Yes i read that and it helped alot, thanks a bunch i have one last question what do you use to heat your tank? I was going to put a medium heat pad on the outside of my tank but if you could give me a suggestion that would be great.

----------


## clownonfire

I used heat pads in my first viv, but stopped using them. Dart frogs will be happy at room temperature, as long as it's well monitored. If you live in a cold city like mine (Montreal), it will take a bit of tweaking comes Winter!

Eric

----------


## d1rocchino

Got ya well i live in Pennsylvania and we have hot summers and really cold winters but would a heater be ok because i know my room doesnt hit 85+ degrees at anytime

----------


## clownonfire

> Got ya well i live in Pennsylvania and we have hot summers and really cold winters but would a heater be ok because i know my room doesnt hit 85+ degrees at anytime


Oh, no.... When I said 85+, it was for the humidity level. Your frogs will be ok at 75. If you want to use a heater, go ahead, just make sure it doesn't become too hot.

----------


## d1rocchino

Yea ill probally just set it on a timer but thanks alot for all your help ill post up pics as soon as its all done well before the frogs.  I have just got done building my waterfall and background with that foam stuff but i still need to silicone it and put the substrate on.  I just wanna say this forum is honestly the best and most helpful forum i have ever been apart of.  Every other forum if you ask a question they just yell at you and tell you to research but you guys are great!!!!
Thanks a bunch man
Jordan

----------


## d1rocchino

I recently got my zoo med reptifogger in the mail and i was wondering if the zoo med hygrotherm is worth buying and what exactly it does?

----------


## clownonfire

> Yea ill probally just set it on a timer but thanks alot for all your help ill post up pics as soon as its all done well before the frogs.  I have just got done building my waterfall and background with that foam stuff but i still need to silicone it and put the substrate on.  I just wanna say this forum is honestly the best and most helpful forum i have ever been apart of.  Every other forum if you ask a question they just yell at you and tell you to research but you guys are great!!!!
> Thanks a bunch man
> Jordan


Jordan, I apologize for the delay in answering. It's really great to hear feedback like yours. It is a great bunch of folks here, and I couldn't agree more.

I use a ReptiFogger only in the R. ventrimaculatus' enclosure. It's great to help maintaining humidity, and when you go on vacation. But make sure you keep on misting at least twice a day with dechlorinated water. Foggers won't actually do all the job needed for darts. 

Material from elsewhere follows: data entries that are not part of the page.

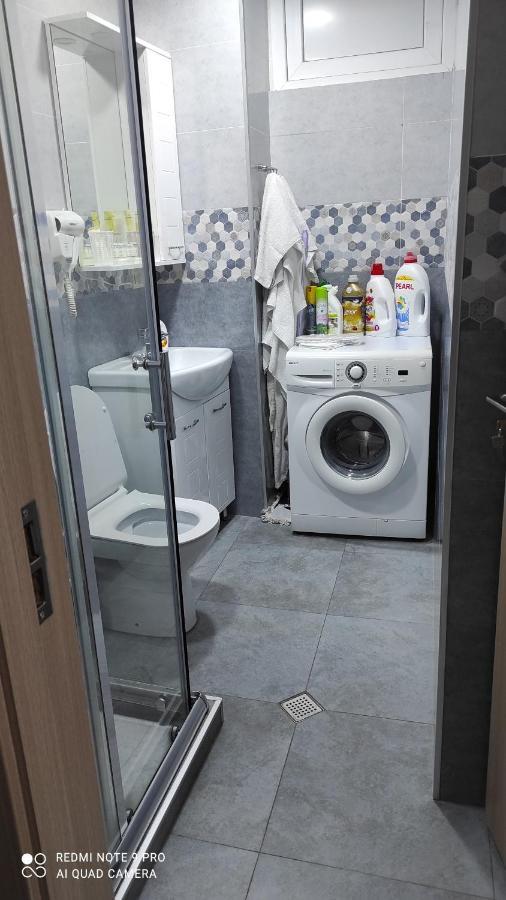 Family Apartament Appartement Tbilisi Buitenkant foto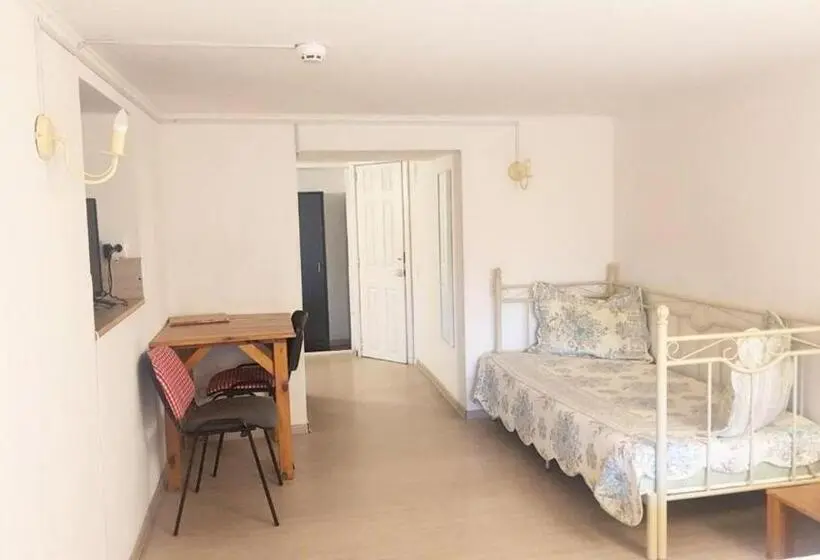 اتاق استاندارد با سرویس بهداشتی مشترک, Maison Blanche Kyiv City Center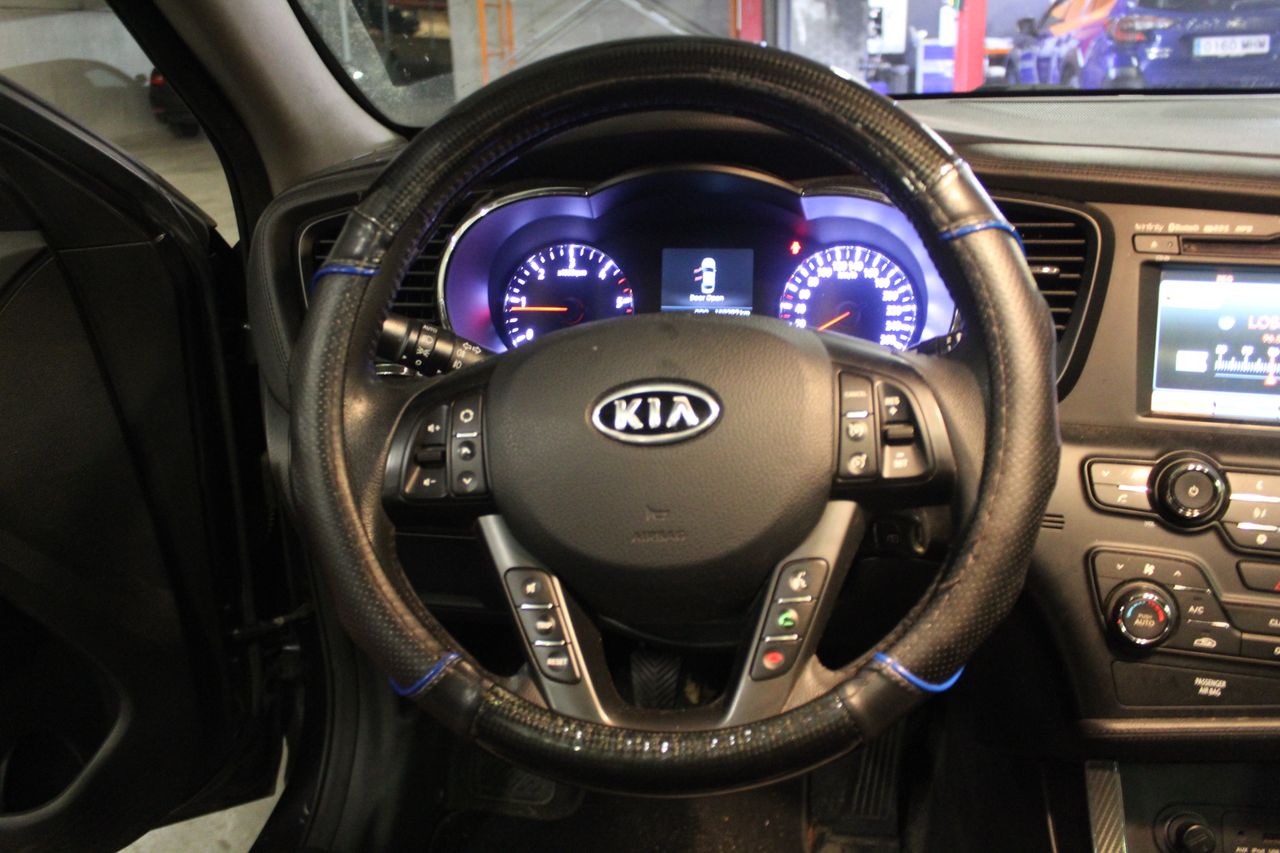 Kia Optima 1.7 CRDi VGT Concept - Foto 8
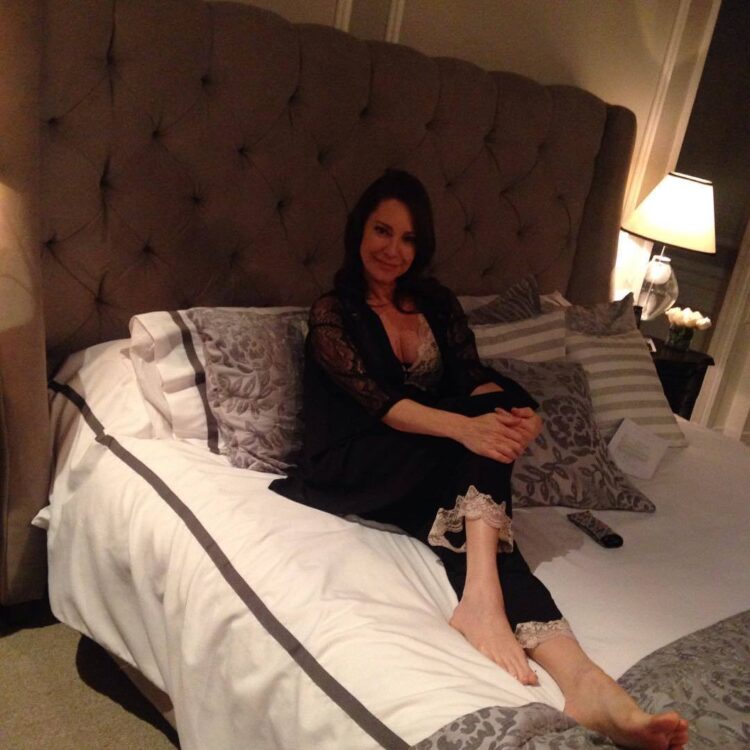 maria helena doehring feet 3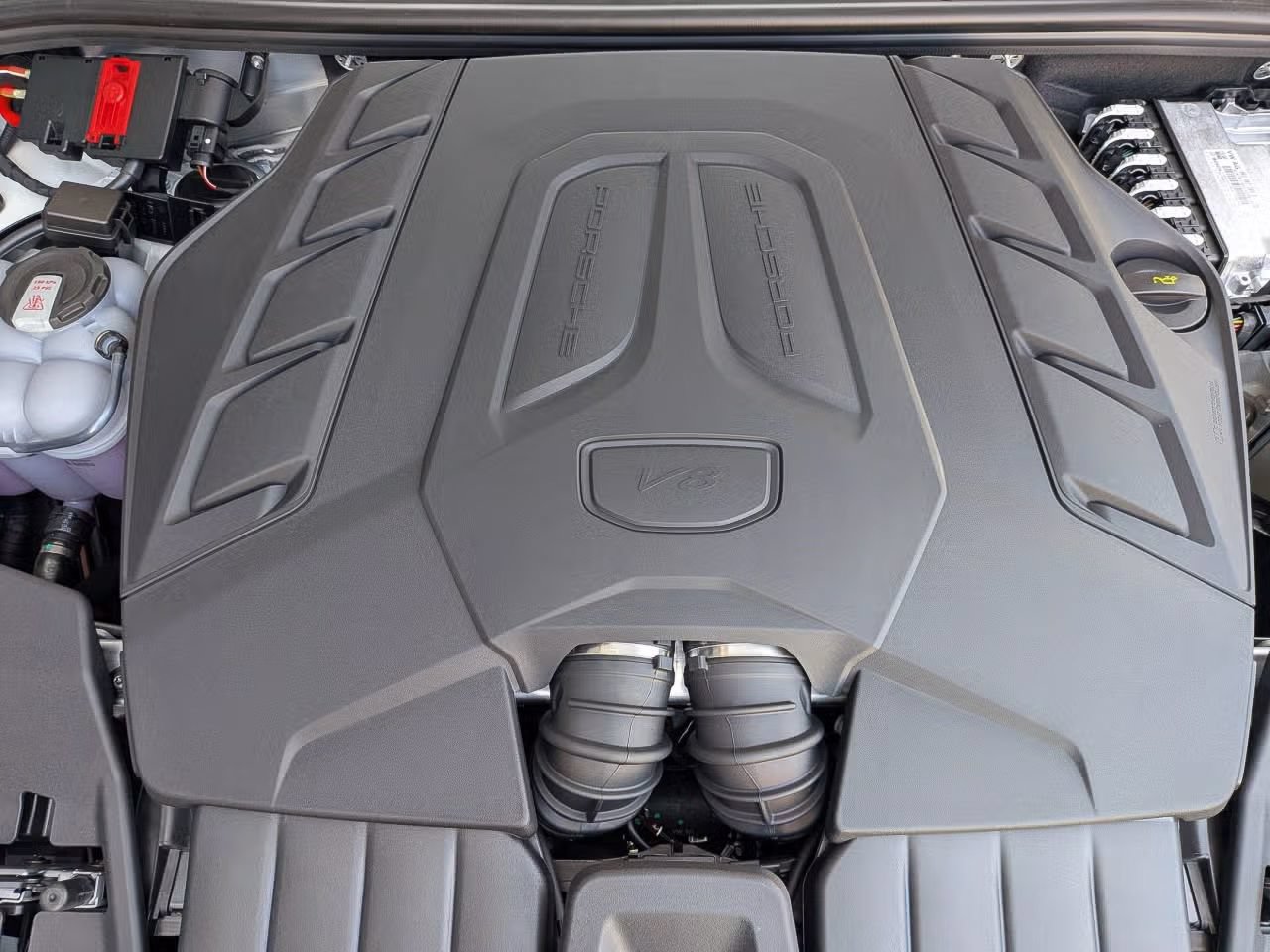 Certified 2025 Porsche Cayenne S AWD/4WD image 28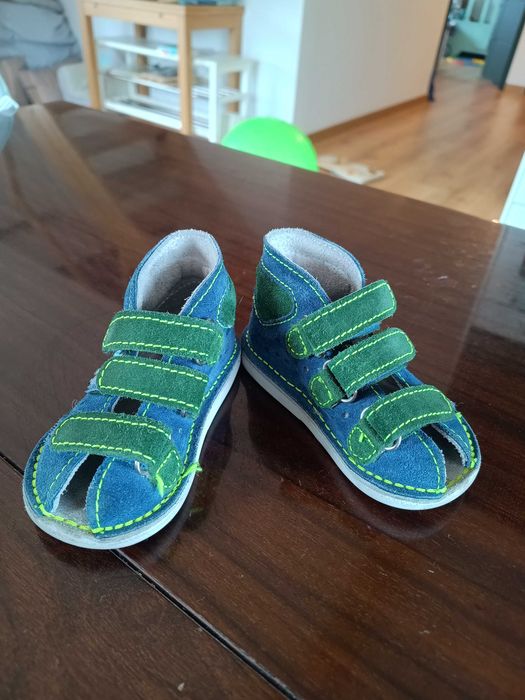 Buciki korekcyjne rozmiar 22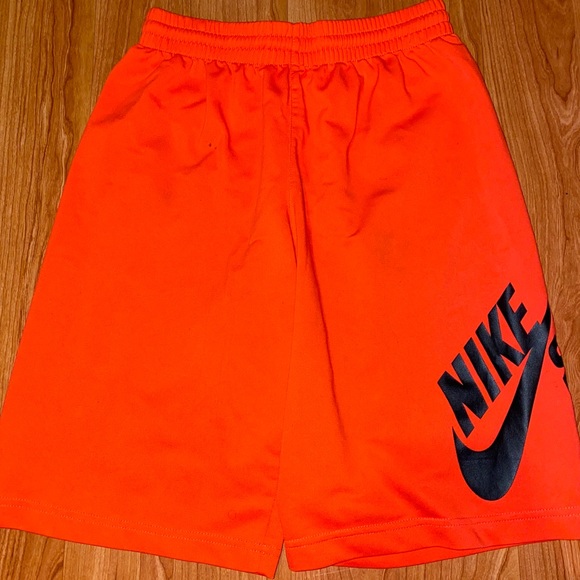 boys nike sb shorts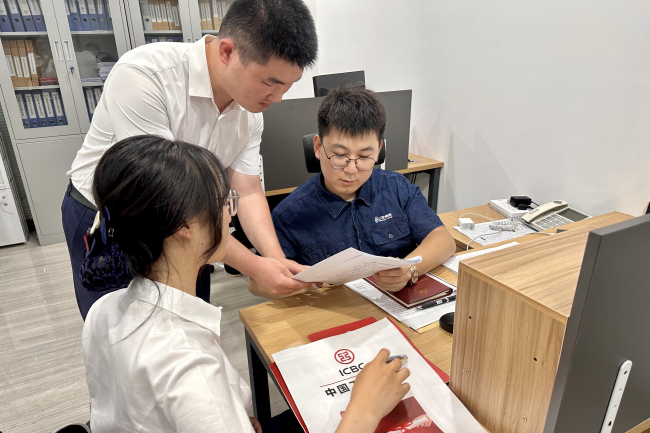 工商银行南堡支行工作人员走进唐山三友集团财务中心开展业务对接。周丽青供图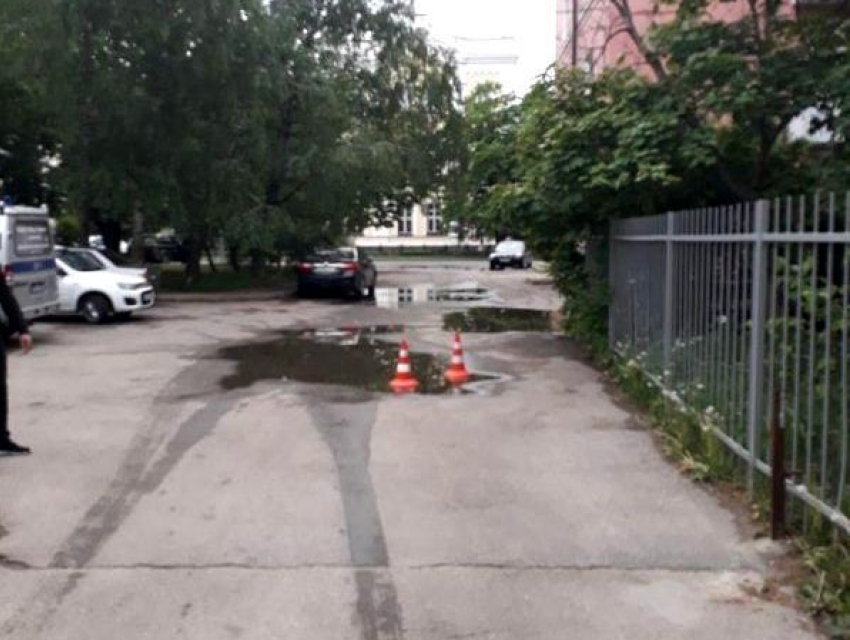 Водитель «Киа-Рио» сдавал назад и сбил пенсионерку  во дворе дома в Ставрополе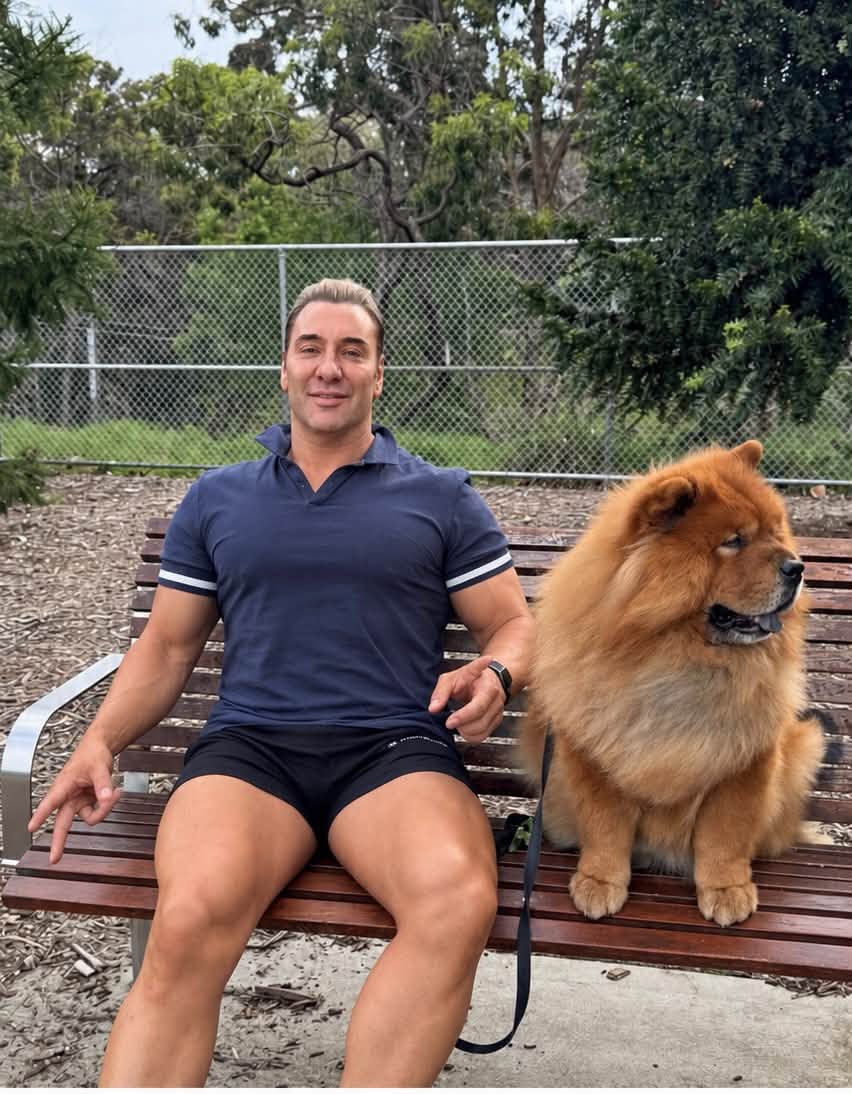 DynamoSelling's tweet photo. Are you ready for the weekend? We know we are! 

Another big and busy week at Dynamo Selling is complete, and next week's schedule is already packed!

#DynamoSelling #RaimondVolpe #ChowChow #SalesSuccess https://t.co/xPlFMi1fXt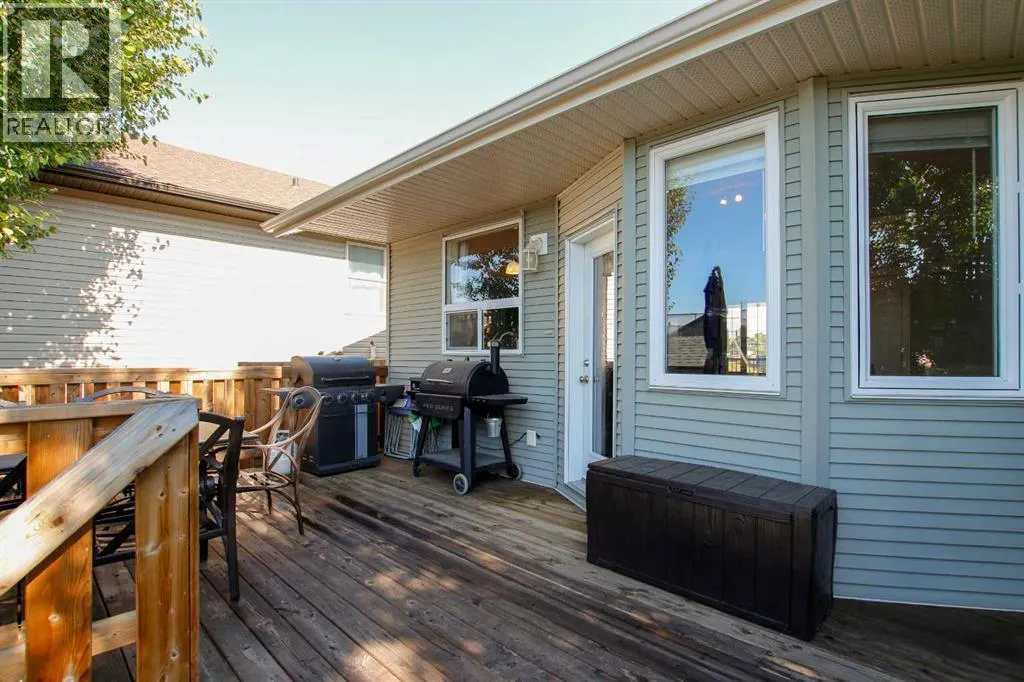 6 Henderson Crescent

As for the _ Hygrotherm_, I use the Exo Terra. basically, it's a meter that will take both humidity and temperature levels. I still prefer to use separate meters as I think they give better readings. And digital readers for me are the way to go.

Eric

----------


## d1rocchino

Now will this actually allow you to change the temperature and humidity or just read it?

----------


## clownonfire

It will just read the levels. I don't use temp/humidity controllers. For the humidity, you want it high. So it's not an issue. With the temperature, well, that's another issue, but as we said, most darts will be happy at room temperature.

I have my ReptiFogger on a timer. 6 times a day, 15 minutes each time.

----------


## d1rocchino

ok thanks a bunch do you fog it at all at night is it all in day time?

----------


## clownonfire

I have it running all day, so each 4 hours, day and night. 15 minutes intervals.  :Smile:

----------


## d1rocchino

So i just ordered all of my plants today. I got some java moss, CRY-SHN Cryptanthus - "Sunshine",                         F-NESW Fern - Nephrolepis exaltata 'Suzi Wong', TP-PGL Philodendron gloriosum,                         TP-PMN Ficus pumila var. minima, PT-2977 Dart Frog Bromelia - Neoregelia tarapotoensis / Small, B-VCN Bromeliad - Vriesea 'Christiane'.
I still need some vines and such but for the most part its coming together.  Ill get some pictures up as soon as i can.

----------


## d1rocchino

i got pictures up in my album for how far i am i got the plants in but i cant seem to keep my tank wet any suggestions besides getting the watering systems?
Also i put my plants in and i sparyed and sprayed and sprayed until the soil was moist, but i have a full spectrum daylight lamp its 15 watts and i left it on for about 4 hours after and the leaves are already looking burnt what should i do?

----------


## Grrrit

you should only need a simple 2.0 bulb. it shouldnt put off enough heat to burn anything.

----------